## AVAILABLE RECORDS
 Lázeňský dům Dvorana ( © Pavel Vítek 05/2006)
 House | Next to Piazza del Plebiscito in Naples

--

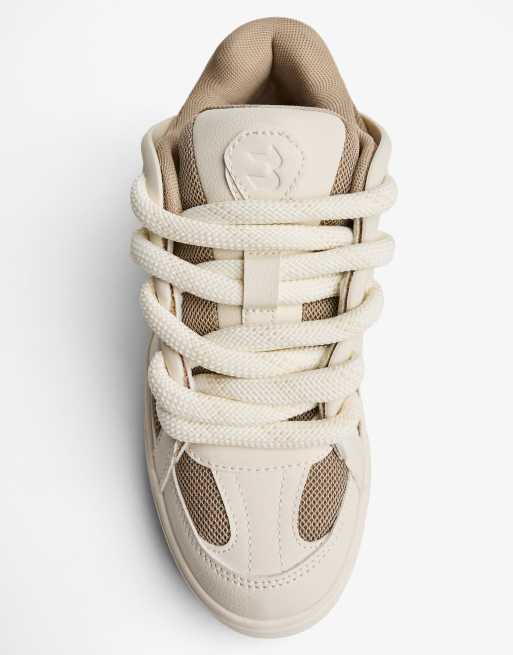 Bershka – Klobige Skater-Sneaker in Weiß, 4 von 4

## DIRECTIONS FOR THIS TASK
Within the listing above, the range opens at the line with "Lázeňský dům Dvorana" and closes at the line with "House | Next". Reproduce exactly the lines of that range, including both ends.

## ANSWER TO THIS PROBLEM
 Lázeňský dům Dvorana ( © Pavel Vítek 05/2006)
 House | Next to Piazza del Plebiscito in Naples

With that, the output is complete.